Peu de gens dans le monde connaissent Carcaliu, un village situé sur les rives du Danube en Roumanie et celui-ci n'aurait jamais fait parler de lui s'il n'avait pas été le lieu de résidence d'un des co-auteur du vol de sept chefs d'œuvres commis le 16 octobre 2012 au Kunsthal museum de Rotterdam que sa mère aurait brûlés pour effacer toute trace de son forfait.
L'homme et sa mère font partie des six Roumains actuellement jugés à Bucarest depuis le 13 août 2013 pour ce vol audacieux qui ne dura que trois petites minutes. En juillet, Olga Dogaru a avoué avoir détruit par le feu ces œuvres inestimables réalisées par Picasso, Monet, Gauguin, Meyer de Haan, Lucian Freud et Matisse et dont la valeur totale a été estimée à quelque 100 millions d'euros.
Les analyses des cendres trouvées par la police au domicile de cette dernière ont démontré qu'au moins trois ou quatre peintures avaient été brûlées mais rien n'a prouvé qu'il s'agissait de celles volées au musée néerlandais.
L'affaire de ce vol a causé un grand émoi parmi les habitants de ce paisible village entouré de champs de tournesols et de vignes lesquels font partie d'une minorité ethnique parlant surtout le russe dont les ancêtres avaient fui la Russie il y a 300 ans à la suite de persécutions.
Considéré comme une brebis galeuse par les habitants du village qui étaient déjà las des exactions qu'ils subissaient de la part de son gang, Radu Dogaru, le principal suspect du vol de Rotterdam a également été mis en examen pour son implication présumée dans des affaires de meurtres et de trafics d'êtres humains.
Suite à son arrestation, sa mère aurait été récupérer les toiles volées qu'il aurait enterrées durant des mois dans un cimetière du village pour alors les brûler afin d'éviter que des preuves formelles soient présentées contre lui.
En attendant, des œuvres comme « Waterloo Bridge » de Monet, « L'Arlequin » de Picasso ou « Femme aux yeux clos » de Lucian Freud sont restées introuvables et les habitants de Carcaliu sont en colère à l'idée que le nom de leur village soit désormais entaché par ce vol qui a secoué le monde de l'art.

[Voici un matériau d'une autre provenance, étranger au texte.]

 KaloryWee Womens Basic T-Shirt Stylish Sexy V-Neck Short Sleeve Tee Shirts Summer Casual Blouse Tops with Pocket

Depuis l'intégration de certains pays de l'Est à l'Union Européenne, les vols commis dans plusieurs musées se sont malheureusement aggravés, l'ouverture des frontières ayant permis à des gangs de Roumanie, d'Albanie ou de l'ex-Yougoslavie de jeter leur dévolu sur des trésors artistiques abrités hors de leurs pays, notamment pour tenter de les revendre à des groupes mafieux ukrainiens ou russes.

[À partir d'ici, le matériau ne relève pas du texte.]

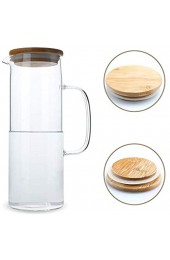 Intirilife Karaffe mit Bambusdeckel in KLAR – 1 6l Krug aus Borosilikatglas mit Henkel und Holz Deckel hitzebeständig geeignet für heiße und kalte Getränke Tee Kaffee Wasser UVM.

La liste des vols s'est brutalement aggravé durant ces dernières années. Avant celui de Rotterdam, le 21 août 2010 un tableau de fleurs de Van Gogh avait été dérobé au musée Mahmoud Khalil du Caire le 21 août 2010 et celui-ci est resté introuvable. Le 20 mai de la même année, un cambrioleur d'origine yougoslave avait volé au Musée d'Art Moderne de Paris entre autres des œuvres de Matisse, Picasso ou Léger en profitant d'une défaillance du système d'alarme. Là encore, ces œuvres valant au total plus de 100 millions d'euros se sont évaporées dans la nature et ont été présumées détruites. Il y eut également un vol important au Musée Fesch en Corse commis par un employé dans le but, avait-il prétendu, de faire pression sur le maire d'Ajaccio pour obtenir un logement mais en allant récupérer les œuvres volées qu'il avait mis dans sa voiture, les policiers constatèrent que son véhicule été forcé et que celles-ci avaient disparu.
Le 10 février 2008, quatre œuvres de Cézanne, Degas, Van Gogh et Monet d'une valeur de plus de 110 millions d'euros avait été volée dans un musée à Zurich. Le Van Gogh et le Monet furent plus tard retrouvés mais pas les deux autres.

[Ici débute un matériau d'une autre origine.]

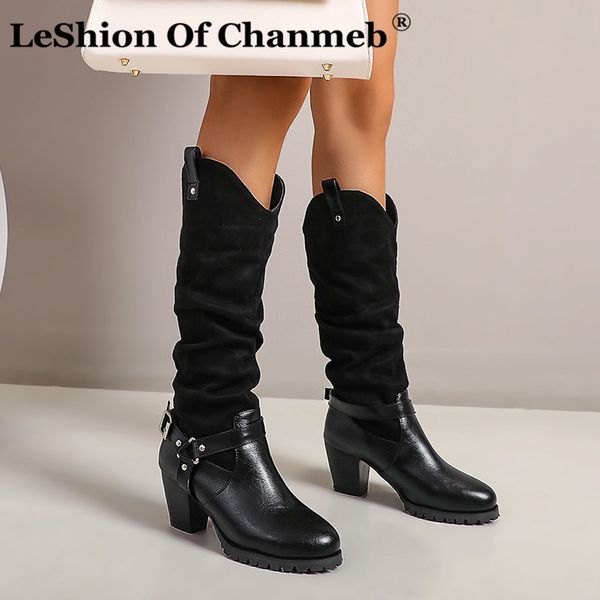 большой плюс размера 48 ladies громоздкого плиссе boots женщина осень зима теплой сапоги до колен панк пряжки металл проскальзывание ремня o, Black 
большой плюс размера 48 ladies громоздкого плиссе boots женщина осень зима теплой сапоги до колен панк пряжки металл проскальзывание ремня o, Black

Le 5 août 2007, deux peintures de Brueghel et deux de Sisley et Monet avaient été volées au Musée Jules Chéret de Nice. Elles furent retrouvées un an plus tard et en décembre 2011, 5 hommes arrêtés par le FBI aux USA furent condamnés à des peines allant de deux à neuf années d'emprisonnement pour cette affaire.
Le 25 février 2006, des œuvres de Dali, Picasso, Matisse et Monet d'une valeur totale de 55 millions d'euros furent dérobées au Chacara do Ceu Museum durant le carnaval de Rio de Janeiro et ne furent jamais retrouvées.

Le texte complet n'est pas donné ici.